[Start of section]

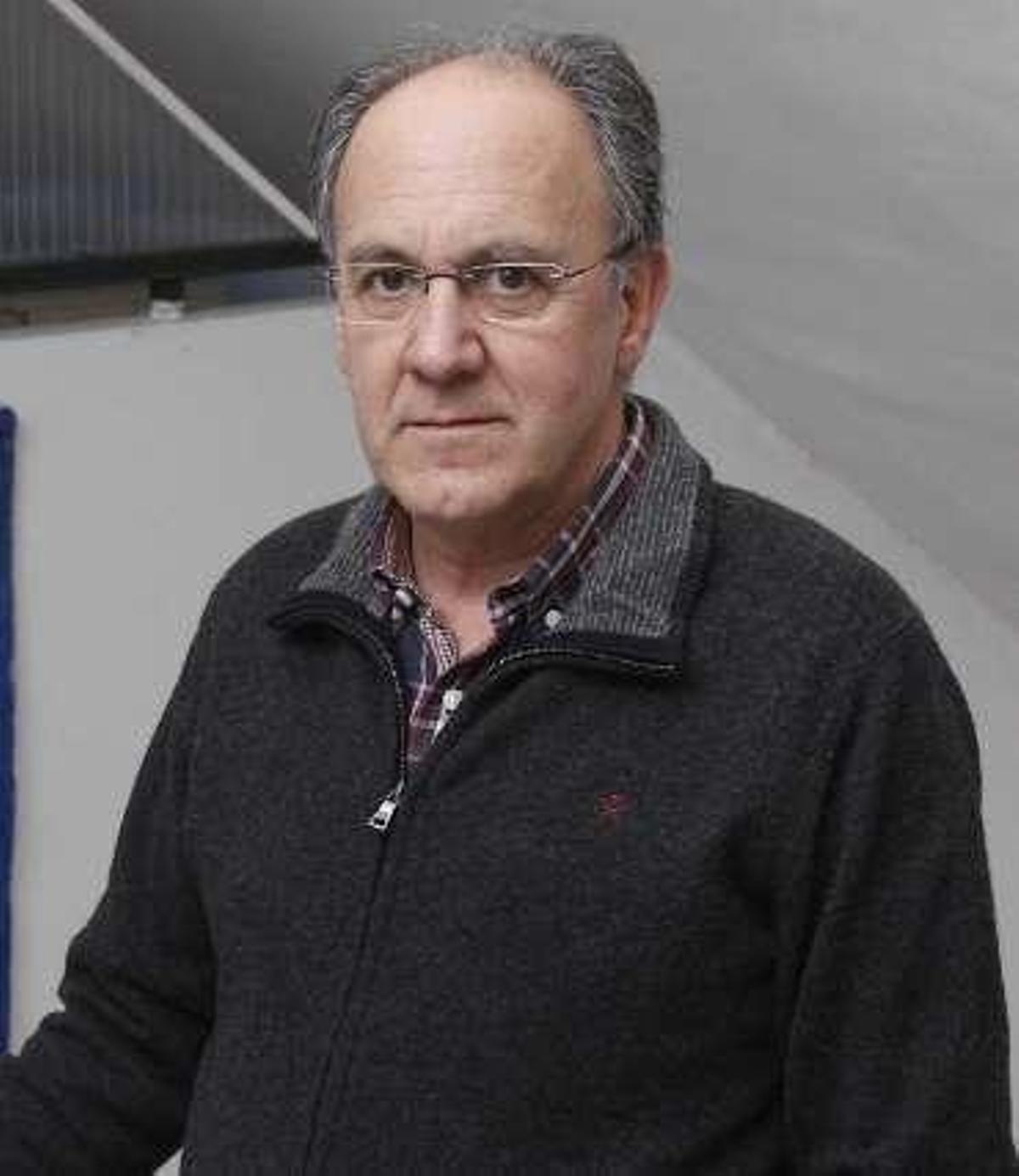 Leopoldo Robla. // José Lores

[End of section]
[Start of section]

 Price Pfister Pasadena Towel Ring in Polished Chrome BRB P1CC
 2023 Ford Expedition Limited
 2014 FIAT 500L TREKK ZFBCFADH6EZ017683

[End of section]
[Start of section]

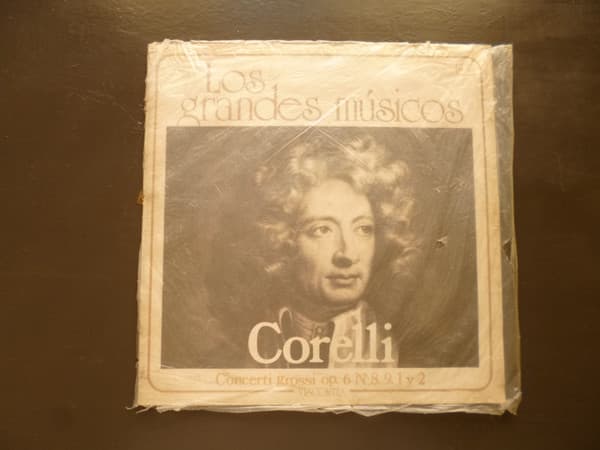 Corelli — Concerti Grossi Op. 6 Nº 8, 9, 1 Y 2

[End of section]

• What is expected: All lines above between those holding "2023 Ford Expedition Limited" and "2014 FIAT 500L TREKK ZFBCFADH6EZ017683", inclusive, must be set down unchanged, and no other line may be included.

• Answer below:
 2023 Ford Expedition Limited
 2014 FIAT 500L TREKK ZFBCFADH6EZ017683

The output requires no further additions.